The subscription component is going live in the coming days.

McCormick also hosts the Santa Fe Foodies page on Facebook, which has 11,000 members and spirited food and restaurant discussions most hours of the day, with about 1,000 posts a month.

The 160 restaurants in the free section and 217 restaurants so far in the paid subscription section are selected from places that get mostly positive mentions on the Santa Fe Foodies Facebook page he launched in 2018.

The subscription listings for each restaurant include: introductory blurb, address that can be clicked for directions, phone number that can be clicked to dial, hours, and direct access to restaurant websites.

Santa Fe Foodies evolved since McCormick established the Facebook page principally to promote the short run of his Cuba Fe restaurant in 2017-18. It started with people posting home-cooked meals and restaurant meals. People then started reviewing restaurants.

And the reviews, especially negative reviews, started sparking differing responses that sparked social media tantrums.

"It's sort of developed into a community," McCormick said. "It turned into a place for people to talk about food. A lot of people are interested in food. People are passionate on social media. It can get out of control. People behind their devices lose all sense of civility."

But the Facebook page gave McCormick, who has lived in Santa Fe for 11 years, an appreciation of the local restaurant scene.

"The biggest thing I've learned is the area has a lot more locally owned eating establishments that I've never heard of," he said. "There are quintuple the number of great eating establishments than I thought."

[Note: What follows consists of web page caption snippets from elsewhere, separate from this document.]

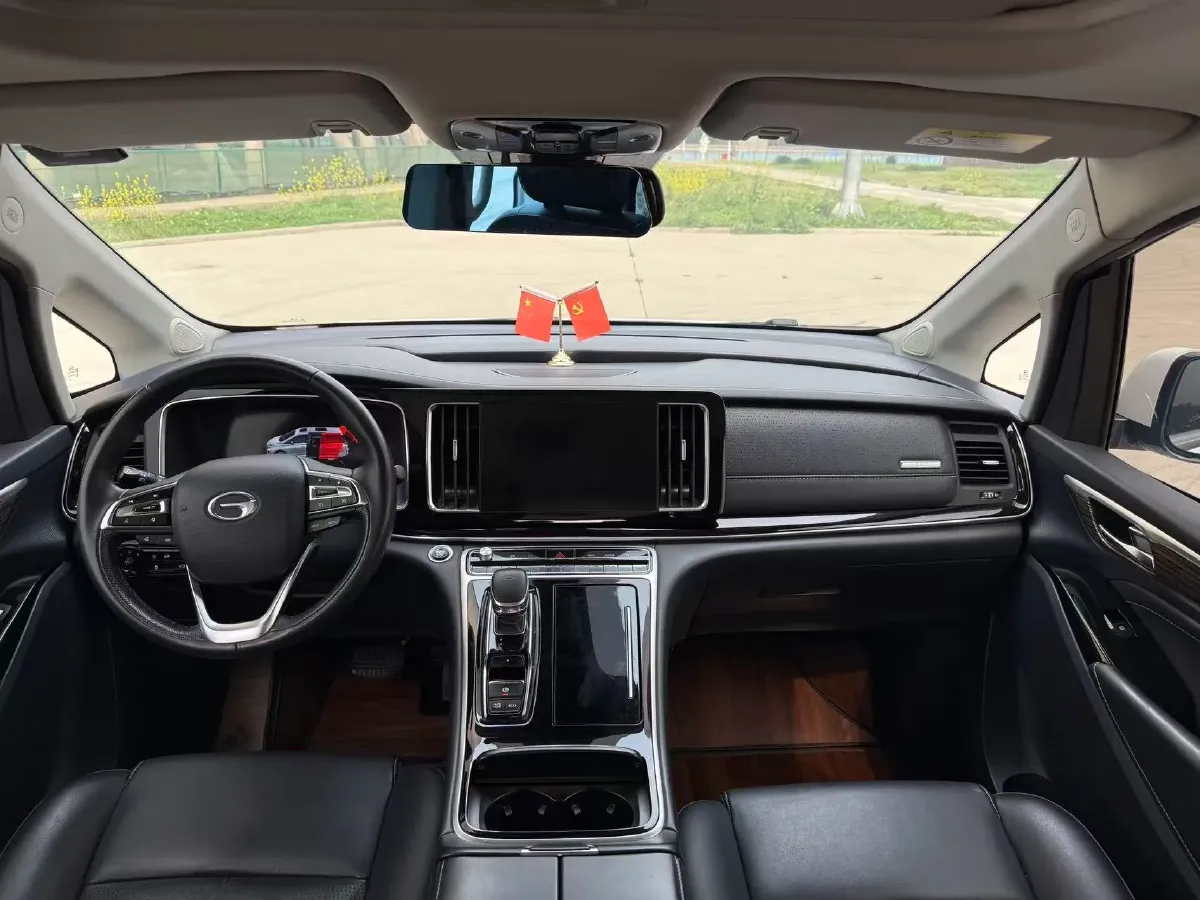 2021 GAC Trumpchi M8 2.0T 252HP L4 8AT,autocango,china used car exporter,china ev exporter,chinese used car exporter,chinese used ev exporter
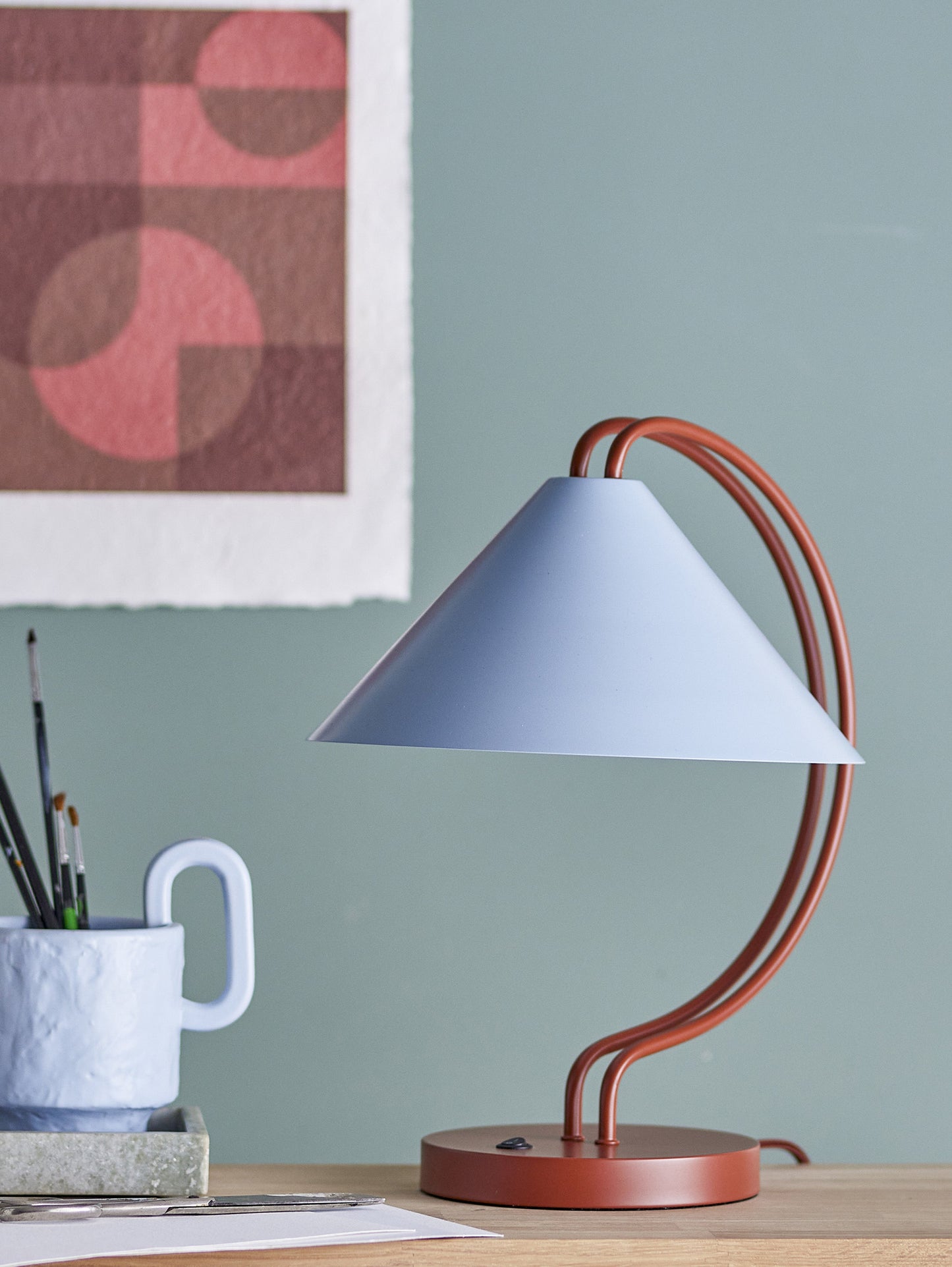 Janya lampada da tavolo in metallo rosso e blu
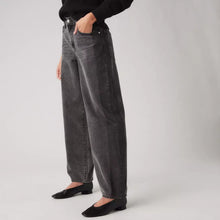 Load image into Gallery viewer, LEVI’S BAGGY DAD JEANS - SATIN SPATS
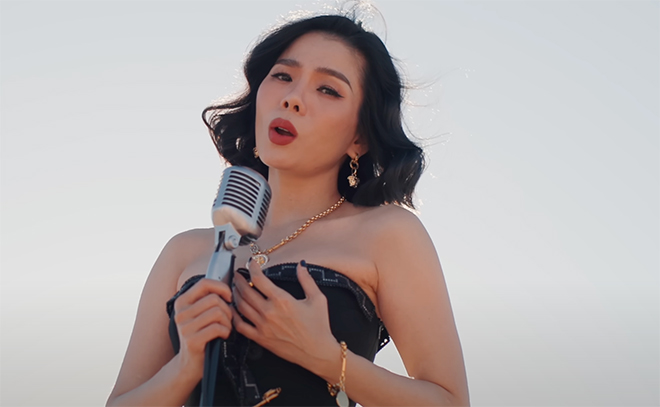 Ca si Le Quyen. Anh trong MV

The website is an outgrowth of endlessly repeated questions on the Facebook page, such as: "What's the best restaurant for green chile?" or "What's the best Italian restaurant?" The website is an attempt to answer those questions with its "Where the Locals Eat," and McCormick frequently answers the Facebook questions by posting the website link as a comment: www.santafefoodiesnm.com.

What does a $9.99 monthly pass, or an introductory $19.99 pass good through Dec. 31 get for subscribing foodies?

Each has listings for 217 restaurants and more than 50 food trucks. They are broken into 182 categories, starting with 27 broad categories (vegan-vegetarian, comfort food, lunch, anniversaries). Most have subcategories (matzah ball soup, bagels, family friendly, open on Mondays) and the town is split into 22 areas, with downtown carved into eight districts (Plaza east, south side, Madrid, Meow Wolf area).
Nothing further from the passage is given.